Financial secretary deals cold, hard truth to aspiring homeowners after new cooling rules

John Tsang

If you can't afford it, don't buy it.

That was the stark message to potential homebuyers dished out by Financial Secretary John Tsang Chun-wah yesterday. Meanwhile, Chief Executive Leung Chun-ying said the measures were needed to protect the city's financial system should interest rates rise.

Tsang's comments came as buyers reeled from the latest blow dealt by the Hong Kong Monetary Authority, which on Friday issued new rules that make it harder to buy homes costing HK$7 million or less.

"The most important thing is to assess your own affordability - not only looking at the affordability at the moment but for years to come," Tsang said after an interview with RTHK yesterday.

"If it is not affordable, then don't buy a property."

On Friday, HKMA chief executive Norman Chan Tak-lam announced new mortgage-tightening measures, which mean buyers will have to foot a bigger down payment before getting a loan.

The loan-to-value ratio for mortgages on residential properties costing less than HK$7 million is capped at 60 per cent, down from the previous range of 60 to 70 per cent.

Effective immediately, the measures are the seventh move since February 2013 intended to cool the soaring property prices, which have reached an all-time high amid inflows of capital and historically low interest rates.

Yesterday, Tsang said Hongkongers should assess their long-term financial prospects before buying. Prices could be influenced by factors such as interest rates in the United States, he said.

Because the Hong Kong dollar is pegged to the US currency, US interest rates dictate the cost of borrowing in the city, and have been tipped to rise this year as the American economy picks up.

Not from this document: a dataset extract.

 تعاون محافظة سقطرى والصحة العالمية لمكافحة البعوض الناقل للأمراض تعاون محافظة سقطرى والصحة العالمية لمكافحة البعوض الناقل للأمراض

"The government will … monitor the property market closely and, if necessary, roll out other measures," Tsang added.

Leung said the rules would help maintain the stability of the financial system and avoid a repeat of the market crash in 1997 during the Asian financial crisis.

"The super-low interest rates won't stay forever," he said.

"When European countries and the US change this policy, Hong Kong will raise its interest rates as the world will do.

"Those who have signed purchase contracts under the present low interest rates may not be able to afford the higher borrowing costs at that time. This will … affect … the stability of our financial system."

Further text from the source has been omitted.